**Exercise objective:**
Every entry needs to be given again exactly as it reads.

**Information provided:**

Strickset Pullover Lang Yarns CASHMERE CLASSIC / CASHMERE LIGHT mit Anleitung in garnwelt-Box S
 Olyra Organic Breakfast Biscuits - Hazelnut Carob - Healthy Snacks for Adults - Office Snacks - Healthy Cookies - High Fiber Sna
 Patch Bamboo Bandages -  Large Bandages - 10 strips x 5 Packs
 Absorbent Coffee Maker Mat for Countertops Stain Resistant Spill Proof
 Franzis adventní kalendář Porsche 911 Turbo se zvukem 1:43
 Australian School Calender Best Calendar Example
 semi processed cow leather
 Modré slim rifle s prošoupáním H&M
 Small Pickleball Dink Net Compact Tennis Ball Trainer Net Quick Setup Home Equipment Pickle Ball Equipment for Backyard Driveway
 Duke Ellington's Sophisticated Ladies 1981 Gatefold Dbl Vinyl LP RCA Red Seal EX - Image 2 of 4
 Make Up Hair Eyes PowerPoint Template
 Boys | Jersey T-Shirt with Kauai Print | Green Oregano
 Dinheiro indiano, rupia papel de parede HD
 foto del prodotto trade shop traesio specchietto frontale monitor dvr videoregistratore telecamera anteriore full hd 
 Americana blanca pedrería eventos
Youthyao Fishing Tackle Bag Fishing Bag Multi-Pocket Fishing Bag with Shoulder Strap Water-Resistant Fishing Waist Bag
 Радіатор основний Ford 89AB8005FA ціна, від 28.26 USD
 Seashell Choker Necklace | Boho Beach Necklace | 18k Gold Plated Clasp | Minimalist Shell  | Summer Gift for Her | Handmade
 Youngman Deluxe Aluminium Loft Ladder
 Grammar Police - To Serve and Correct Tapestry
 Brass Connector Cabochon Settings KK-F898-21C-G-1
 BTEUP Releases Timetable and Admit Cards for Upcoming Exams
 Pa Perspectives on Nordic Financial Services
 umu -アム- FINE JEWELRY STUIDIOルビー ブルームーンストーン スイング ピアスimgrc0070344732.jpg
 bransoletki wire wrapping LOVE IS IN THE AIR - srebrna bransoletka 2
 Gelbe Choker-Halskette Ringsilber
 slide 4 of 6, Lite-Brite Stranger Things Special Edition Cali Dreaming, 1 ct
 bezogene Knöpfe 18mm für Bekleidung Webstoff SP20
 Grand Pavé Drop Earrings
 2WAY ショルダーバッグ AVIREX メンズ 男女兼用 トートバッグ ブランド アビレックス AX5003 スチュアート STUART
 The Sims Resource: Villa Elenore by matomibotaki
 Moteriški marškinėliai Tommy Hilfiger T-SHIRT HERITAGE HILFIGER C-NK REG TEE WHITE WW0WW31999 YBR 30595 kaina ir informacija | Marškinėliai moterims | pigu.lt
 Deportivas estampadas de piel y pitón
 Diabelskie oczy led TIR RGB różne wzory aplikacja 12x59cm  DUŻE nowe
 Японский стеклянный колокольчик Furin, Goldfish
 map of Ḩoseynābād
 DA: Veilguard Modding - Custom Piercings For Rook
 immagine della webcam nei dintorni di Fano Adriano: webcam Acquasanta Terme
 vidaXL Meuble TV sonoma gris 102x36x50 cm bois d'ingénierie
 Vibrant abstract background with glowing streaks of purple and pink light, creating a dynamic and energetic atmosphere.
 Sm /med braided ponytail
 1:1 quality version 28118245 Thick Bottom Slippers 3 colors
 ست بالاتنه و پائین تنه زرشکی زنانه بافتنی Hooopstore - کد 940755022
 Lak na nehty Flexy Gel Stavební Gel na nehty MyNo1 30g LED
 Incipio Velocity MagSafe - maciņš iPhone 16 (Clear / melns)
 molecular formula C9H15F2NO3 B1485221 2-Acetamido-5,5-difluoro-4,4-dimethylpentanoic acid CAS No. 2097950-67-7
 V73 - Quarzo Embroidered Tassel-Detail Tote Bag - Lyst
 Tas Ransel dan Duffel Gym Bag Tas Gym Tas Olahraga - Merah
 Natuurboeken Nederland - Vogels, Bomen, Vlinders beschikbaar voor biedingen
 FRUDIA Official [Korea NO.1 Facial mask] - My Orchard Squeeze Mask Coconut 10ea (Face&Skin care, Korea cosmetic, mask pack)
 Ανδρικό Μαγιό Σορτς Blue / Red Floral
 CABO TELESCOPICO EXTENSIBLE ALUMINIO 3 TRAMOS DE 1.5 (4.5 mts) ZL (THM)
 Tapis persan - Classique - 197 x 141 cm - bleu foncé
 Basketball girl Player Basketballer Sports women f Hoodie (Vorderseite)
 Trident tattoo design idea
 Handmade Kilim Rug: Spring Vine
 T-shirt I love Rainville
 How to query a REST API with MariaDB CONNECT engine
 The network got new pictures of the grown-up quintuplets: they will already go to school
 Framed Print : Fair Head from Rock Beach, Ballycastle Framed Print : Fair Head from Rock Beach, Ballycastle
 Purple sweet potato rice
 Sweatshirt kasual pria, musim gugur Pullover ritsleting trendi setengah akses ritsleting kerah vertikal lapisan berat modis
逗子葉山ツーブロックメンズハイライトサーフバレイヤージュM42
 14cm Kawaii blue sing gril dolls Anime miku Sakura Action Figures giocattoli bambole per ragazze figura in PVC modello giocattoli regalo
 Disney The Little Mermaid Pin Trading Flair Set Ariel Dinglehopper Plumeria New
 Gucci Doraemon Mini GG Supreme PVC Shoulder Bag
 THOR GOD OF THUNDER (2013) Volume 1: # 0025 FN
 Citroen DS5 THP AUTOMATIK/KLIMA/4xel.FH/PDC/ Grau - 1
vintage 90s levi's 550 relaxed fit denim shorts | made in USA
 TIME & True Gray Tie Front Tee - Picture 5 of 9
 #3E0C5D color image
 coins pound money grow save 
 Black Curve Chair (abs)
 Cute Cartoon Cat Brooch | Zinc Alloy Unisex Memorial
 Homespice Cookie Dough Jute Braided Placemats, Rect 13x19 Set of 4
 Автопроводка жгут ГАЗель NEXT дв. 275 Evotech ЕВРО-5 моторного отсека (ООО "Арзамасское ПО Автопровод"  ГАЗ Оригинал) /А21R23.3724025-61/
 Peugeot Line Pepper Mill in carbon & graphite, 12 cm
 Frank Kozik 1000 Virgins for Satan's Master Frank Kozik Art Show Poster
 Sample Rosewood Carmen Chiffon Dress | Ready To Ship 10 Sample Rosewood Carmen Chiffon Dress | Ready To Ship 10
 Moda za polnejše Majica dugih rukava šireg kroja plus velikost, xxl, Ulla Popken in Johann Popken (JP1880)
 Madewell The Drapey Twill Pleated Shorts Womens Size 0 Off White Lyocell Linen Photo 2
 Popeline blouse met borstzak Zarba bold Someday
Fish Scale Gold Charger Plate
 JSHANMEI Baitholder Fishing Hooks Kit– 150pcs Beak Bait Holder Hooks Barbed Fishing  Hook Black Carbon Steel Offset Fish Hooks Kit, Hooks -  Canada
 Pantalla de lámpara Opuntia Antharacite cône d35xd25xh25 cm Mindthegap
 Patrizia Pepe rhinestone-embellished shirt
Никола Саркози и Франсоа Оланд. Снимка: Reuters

**Response to the task:**
Strickset Pullover Lang Yarns CASHMERE CLASSIC / CASHMERE LIGHT mit Anleitung in garnwelt-Box S
 Olyra Organic Breakfast Biscuits - Hazelnut Carob - Healthy Snacks for Adults - Office Snacks - Healthy Cookies - High Fiber Sna
 Patch Bamboo Bandages -  Large Bandages - 10 strips x 5 Packs
 Absorbent Coffee Maker Mat for Countertops Stain Resistant Spill Proof
 Franzis adventní kalendář Porsche 911 Turbo se zvukem 1:43
 Australian School Calender Best Calendar Example
 semi processed cow leather
 Modré slim rifle s prošoupáním H&M
 Small Pickleball Dink Net Compact Tennis Ball Trainer Net Quick Setup Home Equipment Pickle Ball Equipment for Backyard Driveway
 Duke Ellington's Sophisticated Ladies 1981 Gatefold Dbl Vinyl LP RCA Red Seal EX - Image 2 of 4
 Make Up Hair Eyes PowerPoint Template
 Boys | Jersey T-Shirt with Kauai Print | Green Oregano
 Dinheiro indiano, rupia papel de parede HD
 foto del prodotto trade shop traesio specchietto frontale monitor dvr videoregistratore telecamera anteriore full hd 
 Americana blanca pedrería eventos
Youthyao Fishing Tackle Bag Fishing Bag Multi-Pocket Fishing Bag with Shoulder Strap Water-Resistant Fishing Waist Bag
 Радіатор основний Ford 89AB8005FA ціна, від 28.26 USD
 Seashell Choker Necklace | Boho Beach Necklace | 18k Gold Plated Clasp | Minimalist Shell  | Summer Gift for Her | Handmade
 Youngman Deluxe Aluminium Loft Ladder
 Grammar Police - To Serve and Correct Tapestry
 Brass Connector Cabochon Settings KK-F898-21C-G-1
 BTEUP Releases Timetable and Admit Cards for Upcoming Exams
 Pa Perspectives on Nordic Financial Services
 umu -アム- FINE JEWELRY STUIDIOルビー ブルームーンストーン スイング ピアスimgrc0070344732.jpg
 bransoletki wire wrapping LOVE IS IN THE AIR - srebrna bransoletka 2
 Gelbe Choker-Halskette Ringsilber
 slide 4 of 6, Lite-Brite Stranger Things Special Edition Cali Dreaming, 1 ct
 bezogene Knöpfe 18mm für Bekleidung Webstoff SP20
 Grand Pavé Drop Earrings
 2WAY ショルダーバッグ AVIREX メンズ 男女兼用 トートバッグ ブランド アビレックス AX5003 スチュアート STUART
 The Sims Resource: Villa Elenore by matomibotaki
 Moteriški marškinėliai Tommy Hilfiger T-SHIRT HERITAGE HILFIGER C-NK REG TEE WHITE WW0WW31999 YBR 30595 kaina ir informacija | Marškinėliai moterims | pigu.lt
 Deportivas estampadas de piel y pitón
 Diabelskie oczy led TIR RGB różne wzory aplikacja 12x59cm  DUŻE nowe
 Японский стеклянный колокольчик Furin, Goldfish
 map of Ḩoseynābād
 DA: Veilguard Modding - Custom Piercings For Rook
 immagine della webcam nei dintorni di Fano Adriano: webcam Acquasanta Terme
 vidaXL Meuble TV sonoma gris 102x36x50 cm bois d'ingénierie
 Vibrant abstract background with glowing streaks of purple and pink light, creating a dynamic and energetic atmosphere.
 Sm /med braided ponytail
 1:1 quality version 28118245 Thick Bottom Slippers 3 colors
 ست بالاتنه و پائین تنه زرشکی زنانه بافتنی Hooopstore - کد 940755022
 Lak na nehty Flexy Gel Stavební Gel na nehty MyNo1 30g LED
 Incipio Velocity MagSafe - maciņš iPhone 16 (Clear / melns)
 molecular formula C9H15F2NO3 B1485221 2-Acetamido-5,5-difluoro-4,4-dimethylpentanoic acid CAS No. 2097950-67-7
 V73 - Quarzo Embroidered Tassel-Detail Tote Bag - Lyst
 Tas Ransel dan Duffel Gym Bag Tas Gym Tas Olahraga - Merah
 Natuurboeken Nederland - Vogels, Bomen, Vlinders beschikbaar voor biedingen
 FRUDIA Official [Korea NO.1 Facial mask] - My Orchard Squeeze Mask Coconut 10ea (Face&Skin care, Korea cosmetic, mask pack)
 Ανδρικό Μαγιό Σορτς Blue / Red Floral
 CABO TELESCOPICO EXTENSIBLE ALUMINIO 3 TRAMOS DE 1.5 (4.5 mts) ZL (THM)
 Tapis persan - Classique - 197 x 141 cm - bleu foncé
 Basketball girl Player Basketballer Sports women f Hoodie (Vorderseite)
 Trident tattoo design idea
 Handmade Kilim Rug: Spring Vine
 T-shirt I love Rainville
 How to query a REST API with MariaDB CONNECT engine
 The network got new pictures of the grown-up quintuplets: they will already go to school
 Framed Print : Fair Head from Rock Beach, Ballycastle Framed Print : Fair Head from Rock Beach, Ballycastle
 Purple sweet potato rice
 Sweatshirt kasual pria, musim gugur Pullover ritsleting trendi setengah akses ritsleting kerah vertikal lapisan berat modis
逗子葉山ツーブロックメンズハイライトサーフバレイヤージュM42
 14cm Kawaii blue sing gril dolls Anime miku Sakura Action Figures giocattoli bambole per ragazze figura in PVC modello giocattoli regalo
 Disney The Little Mermaid Pin Trading Flair Set Ariel Dinglehopper Plumeria New
 Gucci Doraemon Mini GG Supreme PVC Shoulder Bag
 THOR GOD OF THUNDER (2013) Volume 1: # 0025 FN
 Citroen DS5 THP AUTOMATIK/KLIMA/4xel.FH/PDC/ Grau - 1
vintage 90s levi's 550 relaxed fit denim shorts | made in USA
 TIME & True Gray Tie Front Tee - Picture 5 of 9
 #3E0C5D color image
 coins pound money grow save 
 Black Curve Chair (abs)
 Cute Cartoon Cat Brooch | Zinc Alloy Unisex Memorial
 Homespice Cookie Dough Jute Braided Placemats, Rect 13x19 Set of 4
 Автопроводка жгут ГАЗель NEXT дв. 275 Evotech ЕВРО-5 моторного отсека (ООО "Арзамасское ПО Автопровод"  ГАЗ Оригинал) /А21R23.3724025-61/
 Peugeot Line Pepper Mill in carbon & graphite, 12 cm
 Frank Kozik 1000 Virgins for Satan's Master Frank Kozik Art Show Poster
 Sample Rosewood Carmen Chiffon Dress | Ready To Ship 10 Sample Rosewood Carmen Chiffon Dress | Ready To Ship 10
 Moda za polnejše Majica dugih rukava šireg kroja plus velikost, xxl, Ulla Popken in Johann Popken (JP1880)
 Madewell The Drapey Twill Pleated Shorts Womens Size 0 Off White Lyocell Linen Photo 2
 Popeline blouse met borstzak Zarba bold Someday
Fish Scale Gold Charger Plate
 JSHANMEI Baitholder Fishing Hooks Kit– 150pcs Beak Bait Holder Hooks Barbed Fishing  Hook Black Carbon Steel Offset Fish Hooks Kit, Hooks -  Canada
 Pantalla de lámpara Opuntia Antharacite cône d35xd25xh25 cm Mindthegap
 Patrizia Pepe rhinestone-embellished shirt
Никола Саркози и Франсоа Оланд. Снимка: Reuters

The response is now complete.